KeywordsOrganogel Ferrocene Peptides Iron–sulfur Supramolecular
Supramolecular gels have attracted a lot of attention over the last several years due to their variety of applications in different fields [1, 2]. They can be studied in materials science, catalysis, drug delivery, environmental studies, as biomimics, and in supramolecular chemistry. The formation of self-assembled gels by low-molecular weight gelators involves non-covalent interactions such as hydrogen bonding, π–π stacking, hydrophobic, and van der Waal interactions [3, 4]. These non-covalent interactions are responsible for forming self-assembled three dimensional nanofibrillar network structures. Hydrogen bonding is stated to be the most significant non-covalent interaction in supramolecular assembly [5, 6, 7]. Gels are also responsive to various external stimuli including heat, light, sonication, and pH [3, 8, 9, 10, 11].
Bio-organometallic ferrocene (Fc) amino acid and peptide conjugates have been explored extensively, largely to study the ability of Fc to act as a scaffold to support peptide secondary structural motifs [12, 13, 14]. More recently, it was discovered that Fc–peptides can also be triggered to form stimuli responsive gels [10, 11, 15, 16]. Many of the reported stable Fc–peptide gels are formed when conjugates have a single podant peptide chain, whereas for di-substituted systems, intramolecular H-bonding interactions between adjacent peptide chains dominate and interfere with effective intermolecular interactions . This subtle interplay between intra- and intermolecular interactions make Fc–peptides an interesting group of conjugates to be studied as small structural and/or environmental changes can influence gelation properties dramatically.
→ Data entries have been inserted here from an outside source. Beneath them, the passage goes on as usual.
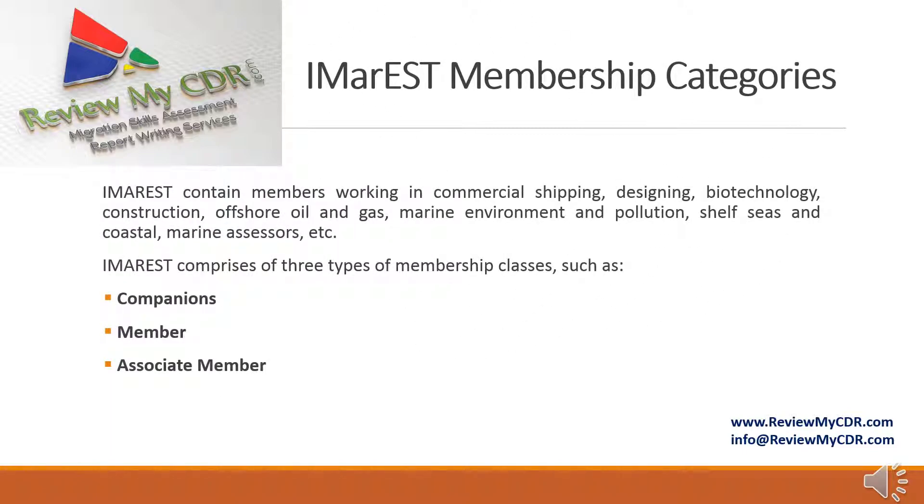IMAREST membership categories include members working in commercial shipping, designing, biotechnology, construction, offshore oil and gas, marine environment and pollution, shelf seas and coastal, marine assessor, etc. IMAREST comprises three types of membership classes: companions, members, and associate members.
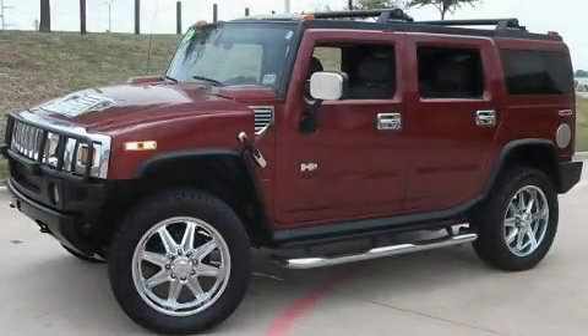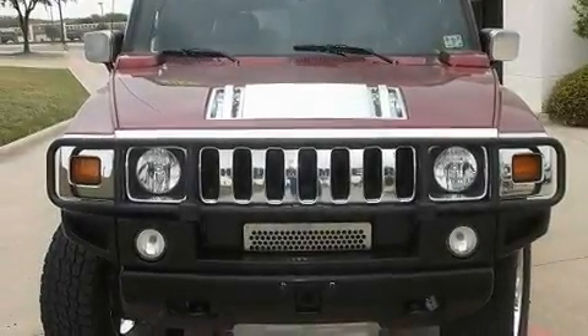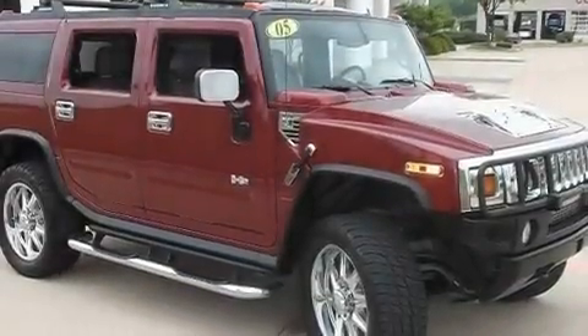This is a 2005 Hummer H2, a vehicle with safety, comfort, and space. It features an eight-cylinder engine, an automatic transmission, and four-wheel drive.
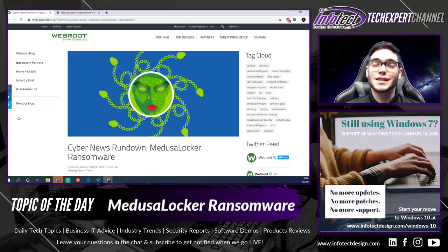Hi everyone, thank you for tuning in to today's special topic where we will be discussing the Medusa Locker Ransomware. Recently we've been covering a lot of cybersecurity-related topics such as the Adobe and UPS phishing vulnerabilities. We also showed Office's proactive approach to preventing users from clicking on suspicious or phishing emails.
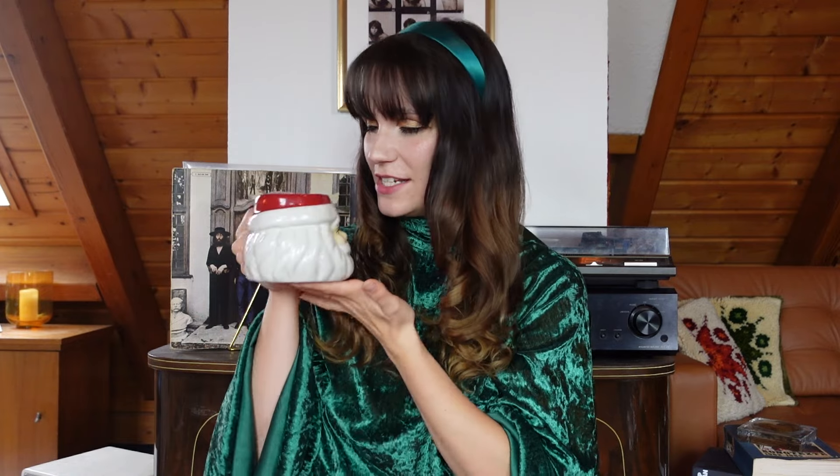Hello and welcome everyone to Vlogmas Day 16. Today I want to do something that isn't a vlog, because I've done this the past two years and you requested it for this year as well. Today I'm going to show you some 1960s and 70s inspired outfits for Christmas. Before we get into the video, let's have today's tea.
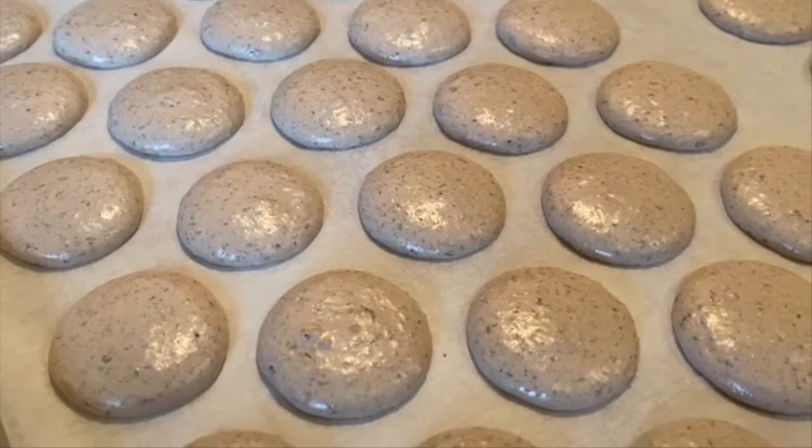Bake at 350 degrees Fahrenheit for approximately 12 to 14 minutes, rotating the pan halfway through baking time.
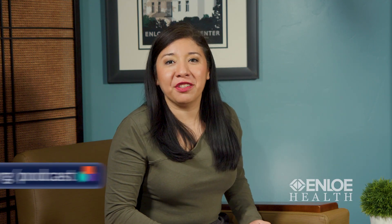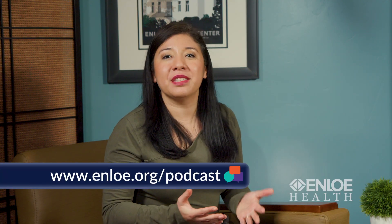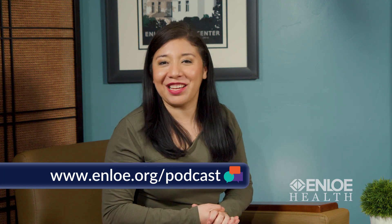Is there anything else you'd like to add? Be conscientious of the people around you — you never know who might have a young infant at home or an older adult they're caring for. Just be aware: if you're sick, give yourself and everybody else the grace to heal. Take the time off when you're sick to get better. Thank you so much for being here today, Dr. Dolanar. Thank you for having me. And thank you all for tuning in. If you'd like to listen to more Health Matters Conversations, visit www.enlo.org/podcast.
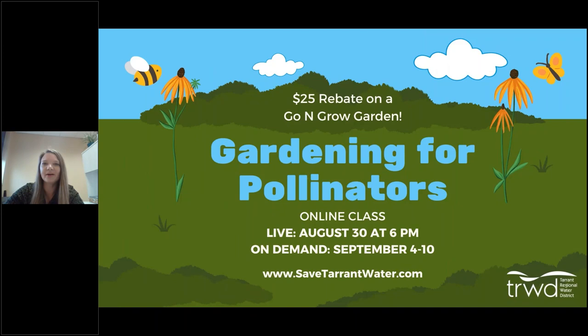Hello everyone, thank you for joining us for Gardening for Pollinators. We're going to talk today about gardening for pollinators in North Texas. I'm joining you from Tarrant County, so most of this information is based around Tarrant County. Before I get started with the pollinator presentation, I'm going to talk a little bit about some housekeeping items, the rebate, and about Tarrant Regional Water District.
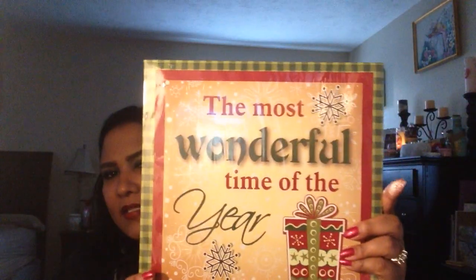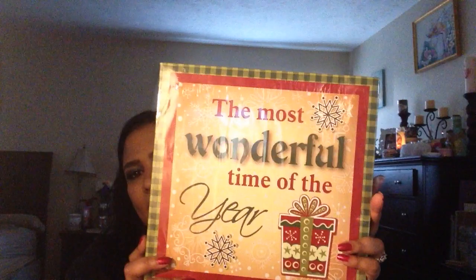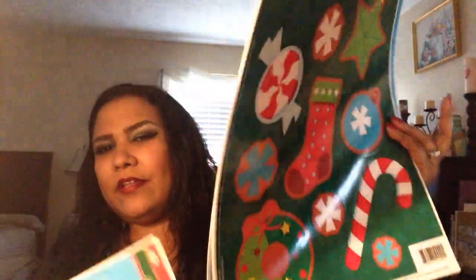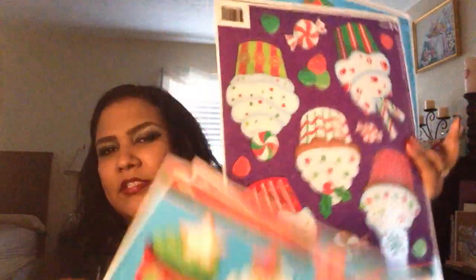I got this really cute canvas sign that says 'the most wonderful time of the year' — you can hang it on your wall or outside or wherever. I also got these window stickers because my kids love to decorate the windows around the holidays. These are each a dollar. I'm trying to go fast because I have somewhere to be.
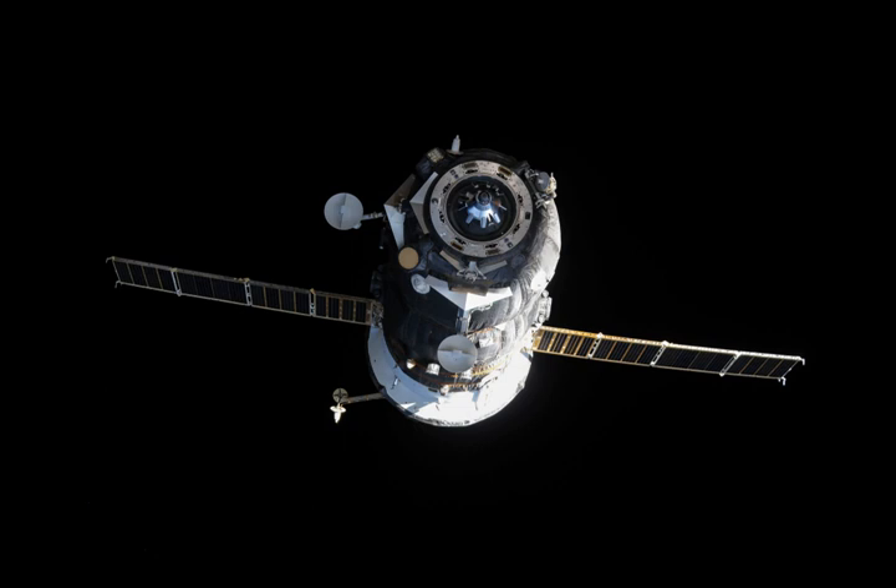Progress M-28M docked with the PERS docking compartment on 5 July 2015 at 7:11 UTC. The spacecraft undocked from the station on 19 December 2015 at 7:35 UTC.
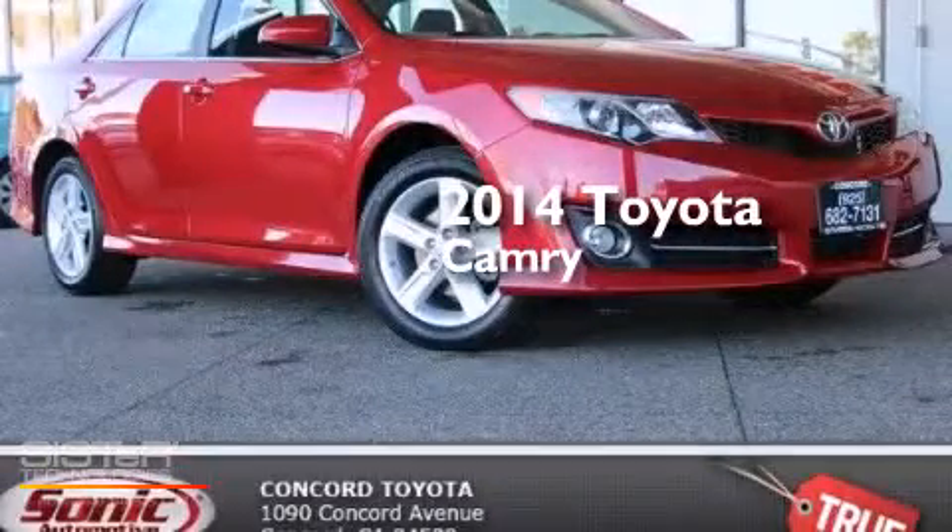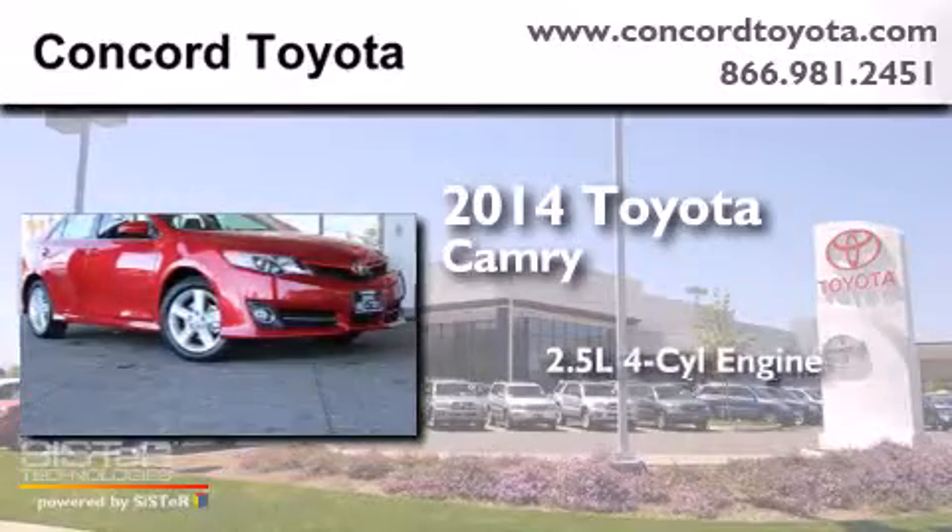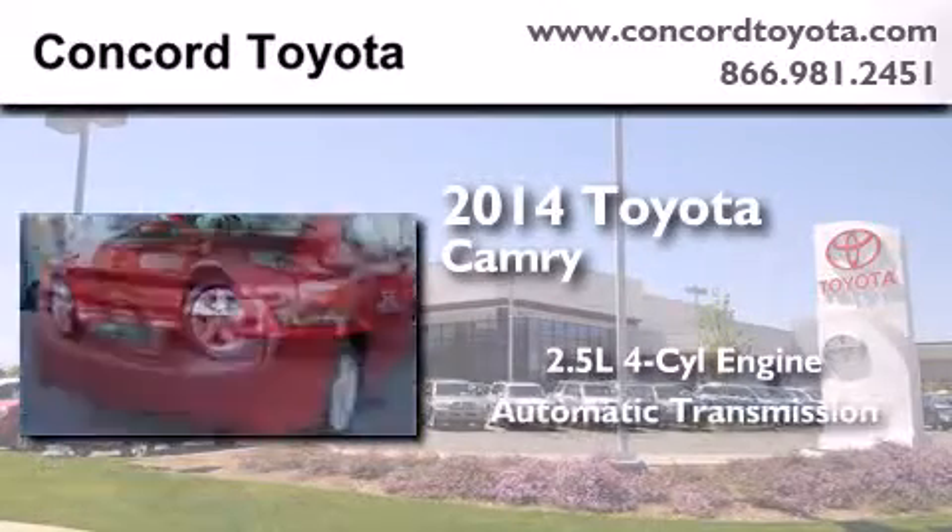This is a brand new 2014 Toyota Camry. It has a 2.5-liter four-cylinder engine and an automatic transmission.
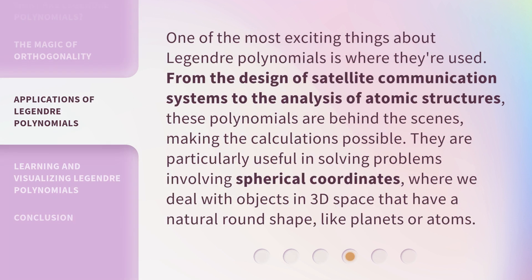One of the most exciting things about Legendre Polynomials is where they're used. From the design of satellite communication systems to the analysis of atomic structures, these polynomials are behind the scenes, making the calculations possible. They are particularly useful in solving problems involving spherical coordinates, where we deal with objects in 3D space that have a natural round shape, like planets or atoms.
The presence of the Fc group also imparts redox responsiveness to Fc–peptide based gels . Fc–peptide derivatives display self-assembly and gelation behaviour, forming a range of nanostructures, including nanofibers, nanotubes, and nanovesicles . For example, Zhang et al. have reported ferrocenoyl phenylalanine as a novel hydrogelator and explored its responsiveness to a series of stimuli including redox reactions, guest–host interactions and pH changes . Fang et al. reported four novel cholesterol-conjugated Fc gelators, which respond to shaking, sonication, heating and redox reactions . In addition, our group has reported multiple Fc–peptide conjugates capable of metal binding and forming organogels [18, 19, 20, 21, 22, 23, 24, 25]. This includes a disubstituted Fc–tryptophan conjugate capable of gel formation and exhibits redox responsiveness .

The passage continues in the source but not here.